> [Data provided]
+---+
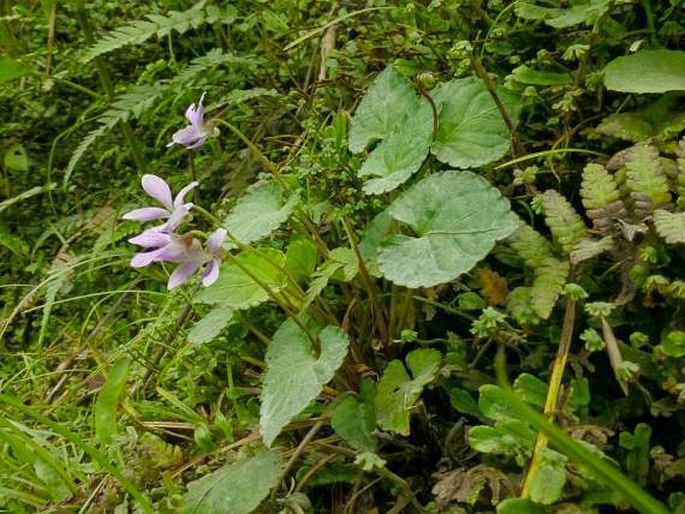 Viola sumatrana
+---+
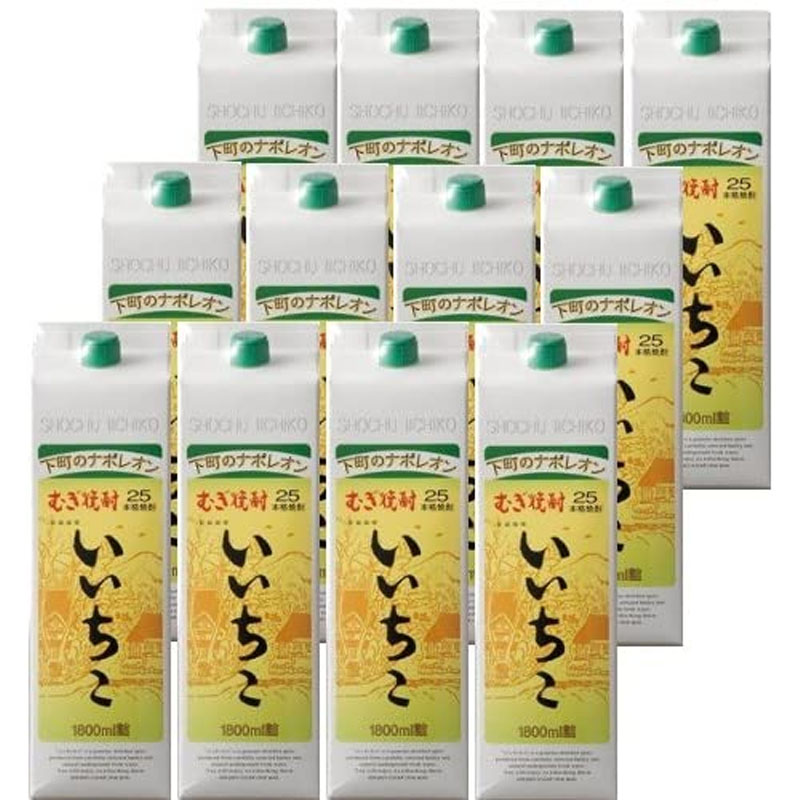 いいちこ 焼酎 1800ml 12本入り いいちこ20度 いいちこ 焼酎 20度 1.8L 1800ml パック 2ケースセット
+---+
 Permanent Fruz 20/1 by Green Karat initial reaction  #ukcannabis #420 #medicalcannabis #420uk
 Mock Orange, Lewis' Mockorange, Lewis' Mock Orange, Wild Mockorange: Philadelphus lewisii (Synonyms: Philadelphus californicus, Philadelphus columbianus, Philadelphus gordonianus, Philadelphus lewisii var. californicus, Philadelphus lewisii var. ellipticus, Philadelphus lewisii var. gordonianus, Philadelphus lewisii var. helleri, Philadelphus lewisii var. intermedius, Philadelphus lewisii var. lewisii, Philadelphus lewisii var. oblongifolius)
+---+
> [The problem] When you reach the line containing "Permanent Fruz 20/1" in the data above, start copying exactly, and stop after the line containing "Mock Orange, Lewis'".

> [Written answer]
 Permanent Fruz 20/1 by Green Karat initial reaction  #ukcannabis #420 #medicalcannabis #420uk
 Mock Orange, Lewis' Mockorange, Lewis' Mock Orange, Wild Mockorange: Philadelphus lewisii (Synonyms: Philadelphus californicus, Philadelphus columbianus, Philadelphus gordonianus, Philadelphus lewisii var. californicus, Philadelphus lewisii var. ellipticus, Philadelphus lewisii var. gordonianus, Philadelphus lewisii var. helleri, Philadelphus lewisii var. intermedius, Philadelphus lewisii var. lewisii, Philadelphus lewisii var. oblongifolius)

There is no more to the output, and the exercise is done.